Role: GenAI Engineer
Duration: 6-12+ Months Contract
Location: Santa Clara, CA - 5D Onsite Must Have Skills
Only Local to California will work out
Skill 1 Design, develop, and deploy Custom AI agents capable of autonomous decision-making and task execution using LLMs and multi-modal models
Skill 2 Implement and manipulate complex algorithms essential for developing and optimizing generative AI models.
Skill 3 Demonstrate advanced programming expertise, particularly in Python, with deep proficiency in AI-centric libraries such as TensorFlow, PyTorch, and Hugging Face Transformers
Good To have Skills
Skill 1 Design MS Copilot Studio Agent Builder advanced skills, including custom plugin development, adaptive orchestration of multiple AI skills and APIs, contextual memory management, dynamic prompt engineering, and secure data handling.
About the Role:
We are seeking a highly skilled and innovative AI Engineer to join our team and lead the development of intelligent AI agents and Retrieval-Augmented Generation (RAG)-based applications. This role is ideal for someone passionate about pushing the boundaries of applied AI, with hands-on experience in building scalable, production-grade Generative AI (GenAI) systems and advanced Copilot Studio agent capabilities.
Key Responsibilities:
Demonstrate advanced programming expertise, particularly in Python, with deep proficiency in AI-centric libraries such as TensorFlow, PyTorch, and Hugging Face Transformers.
Architect and implement Retrieval-Augmented Generation (RAG) pipelines to enhance model performance using external knowledge sources, including document chunking, embedding generation, and retrieval systems.
Design, develop, and deploy Custom AI agents capable of autonomous decision-making and task execution using LLMs and multi-modal models.
Implement and manipulate complex algorithms essential for developing and optimizing generative AI models.
Manage data pipelines involving data pre-processing, augmentation, and synthetic data generation to enhance model training and performance.
Ensure robust data handling practices including cleaning, labeling, and structuring datasets for generative AI workflows.
Design MS Copilot Studio Agent Builder advanced skills, including custom plugin development, adaptive orchestration of multiple AI skills and APIs, contextual memory management, dynamic prompt engineering, and secure data handling.

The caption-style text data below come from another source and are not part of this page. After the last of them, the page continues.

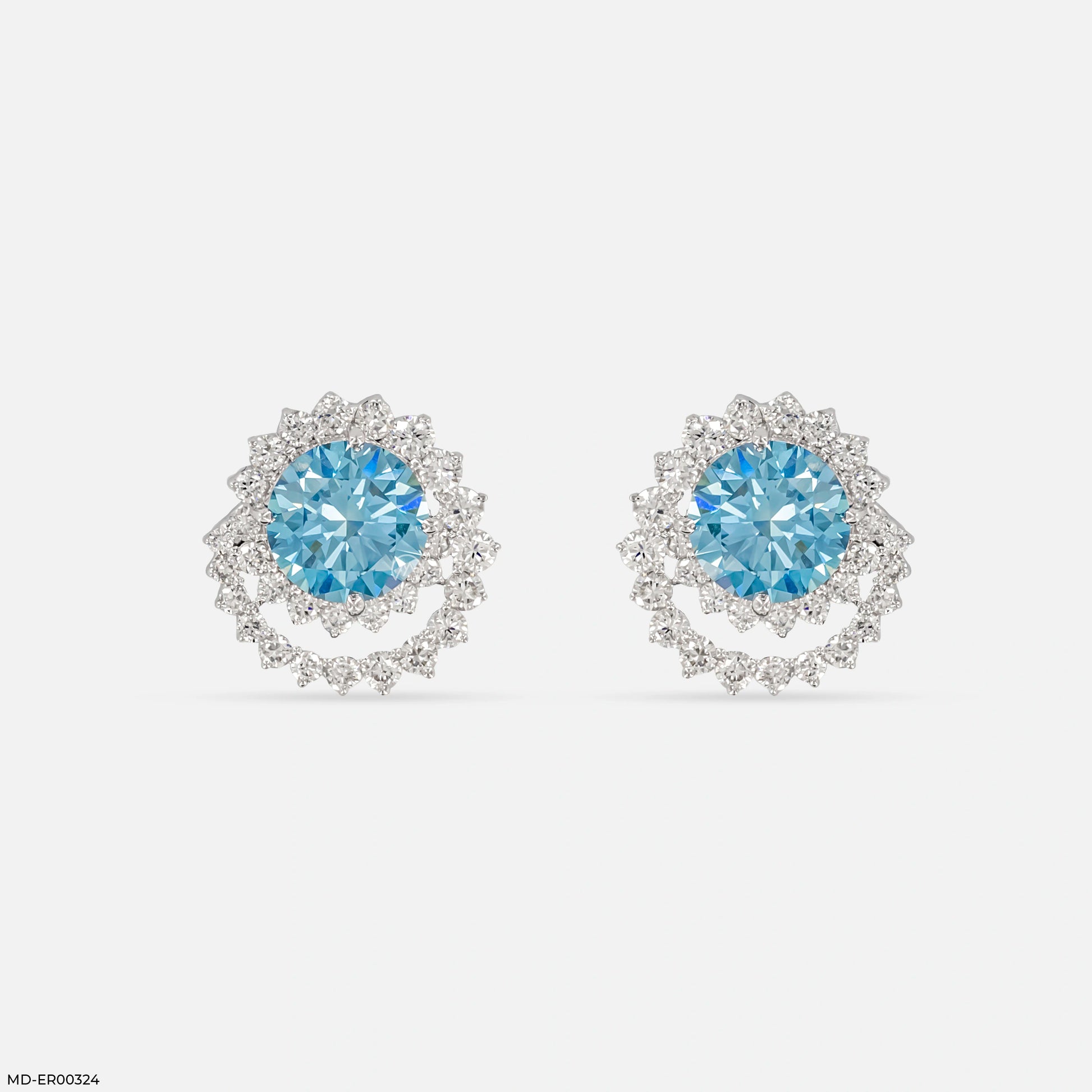 4.15 Carat Celestial Blue Bloom Lab Diamond Studs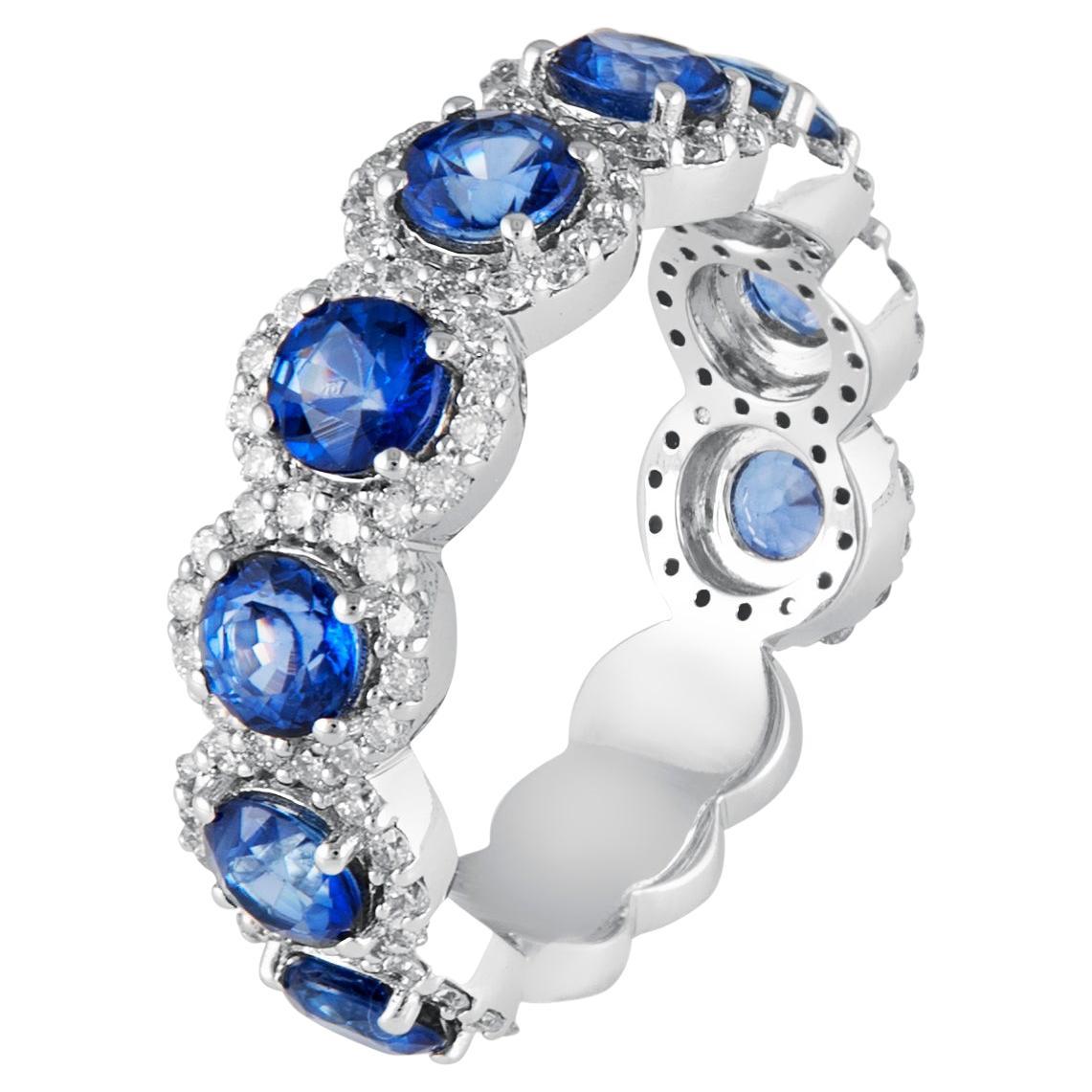 14 Karat White Gold White Diamond with Blue Sapphire Ring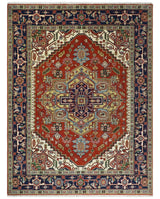 Hand Knotted Red, Ivory and Blue Traditional Heriz Multi size Wool Area Rug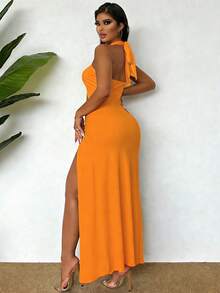 VaVaBold Đầm maxi nữ kiểu dáng xẻ tà, cổ yếm, hở lưng, xoắn phía trước, xẻ đùi. - trái cam - Xem 2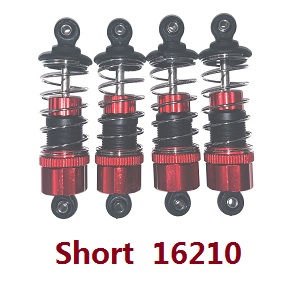 MJX Hyper Go 16210 RC Car spare parts metal hydraulic shock absorber (Short) Red 4pcs 16510R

Agent Orchestration: Build multi-turn agents that adapt and chain AI skills and APIs.
Trigger Management: Configure message, data, scheduled, and webhook triggers.
Automation Workflow: Design workflows with Power Automate for task automation.
Flow Design: Create logical, scalable flows for complex business processes.
Tool Integration: Use Copilot's built-in connectors to integrate enterprise apps and services seamlessly.